Algunos de los coches que poseen estos asientos otomanos van desde los habituales Mercedes‑Benz Clase S, BMW Serie 7, hasta el Toyota Vellfire, Lexus LM o el Kia Carnival, pasando por el nuevo Lexus TZ que llegará a finales de este año al mercado español y que buscará conquistar a familias con necesidades de espacio elevadas.
En coches fuera de la alta gama, simplemente no hay margen físico para integrarlos con sentido. Además, su complejidad técnica y su precio hacen que formen parte de paquetes de equipamiento superiores, reservados a clientes que priorizan el confort extremo frente a cualquier otra consideración.
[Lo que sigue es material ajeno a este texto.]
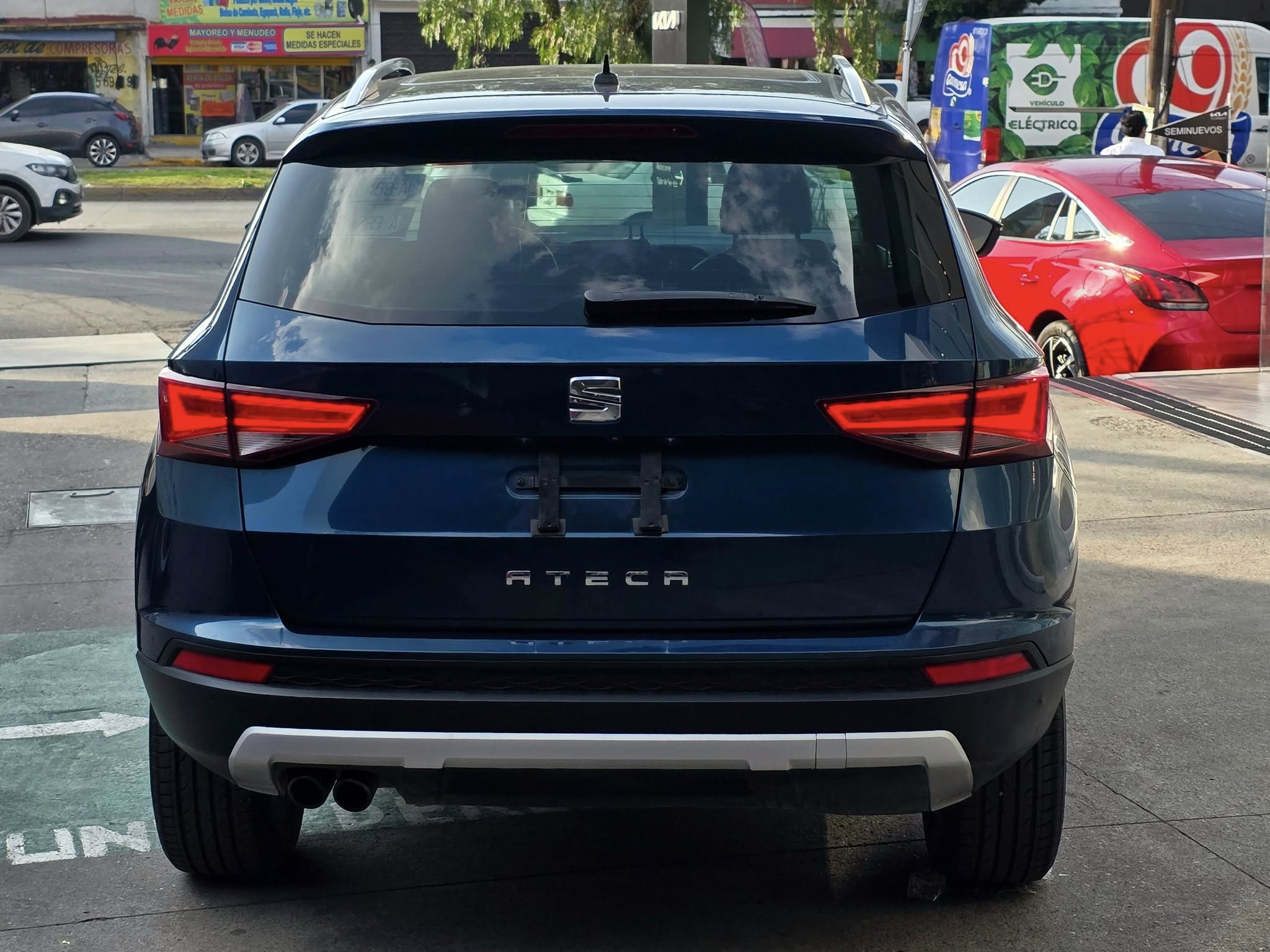 SEAT ATECA XCELENCE 2018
Cómo funcionan y cómo se regulan
El manejo de un asiento otomano suele ser completamente eléctrico. Mediante mandos situados en el lateral del asiento, en el reposabrazos o en una pantalla táctil trasera, el pasajero puede extender o retraer el reposapiés, reclinar el respaldo y ajustar la posición longitudinal y la inclinación del asiento. En los sistemas más sofisticados, cada movimiento se puede memorizar y combinar con otros ajustes del habitáculo.
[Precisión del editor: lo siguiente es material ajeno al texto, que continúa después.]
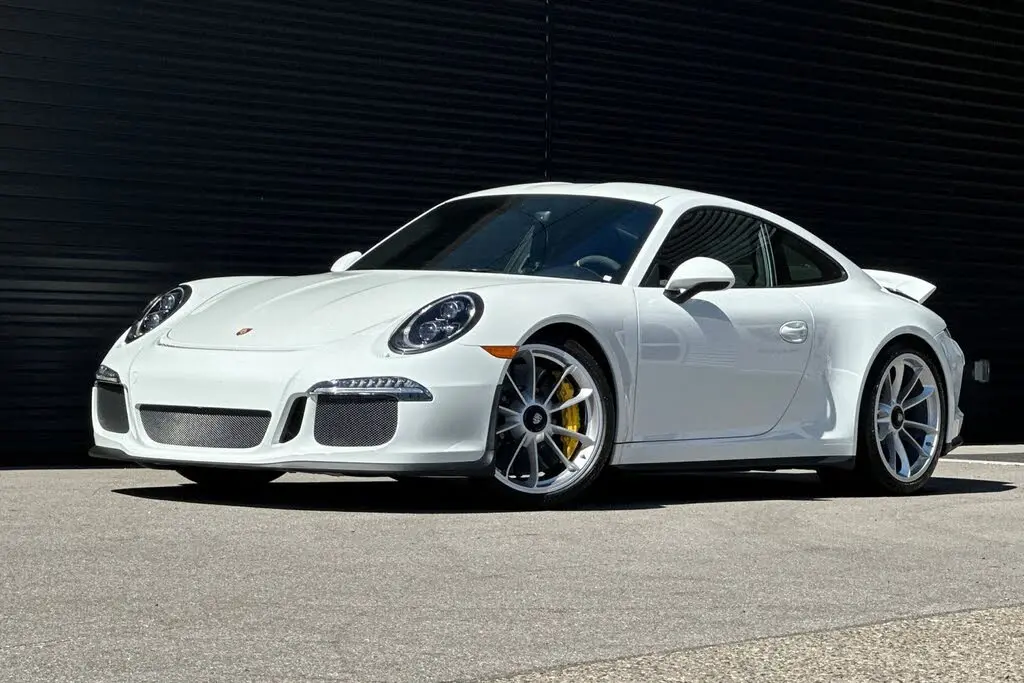 2016 Porsche 991.1 R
No es extraño que estos asientos incluyan calefacción, ventilación e incluso programas de masaje, lo que refuerza su carácter de elemento pensado para el descanso, no para una conducción activa.
Las ventajas reales frente a un asiento convencional
La principal diferencia no está en lo vistoso, sino en lo fisiológico. Al poder apoyar muslos y pantorrillas, el asiento otomano reduce la presión en la zona lumbar, mejora la postura y disminuye la fatiga en viajes largos.
También favorece la circulación sanguínea, un aspecto especialmente valorado en trayectos de varias horas, al permitir cambios de postura más naturales y una sensación de descanso similar a la de un sillón doméstico.
Otomana y asiento: diferencias
Conviene aclarar una confusión frecuente. El asiento del coche es lo que todos conocemos: respaldo, base, y estructura. La otomana, en cambio, es el componente que permite apoyar las piernas.
Es decir: un asiento puede existir sin otomana, pero una otomana siempre forma parte de un asiento. En otras palabras, el asiento otomano no es un tipo de asiento distinto, sino un nivel superior de confort dentro del propio asiento.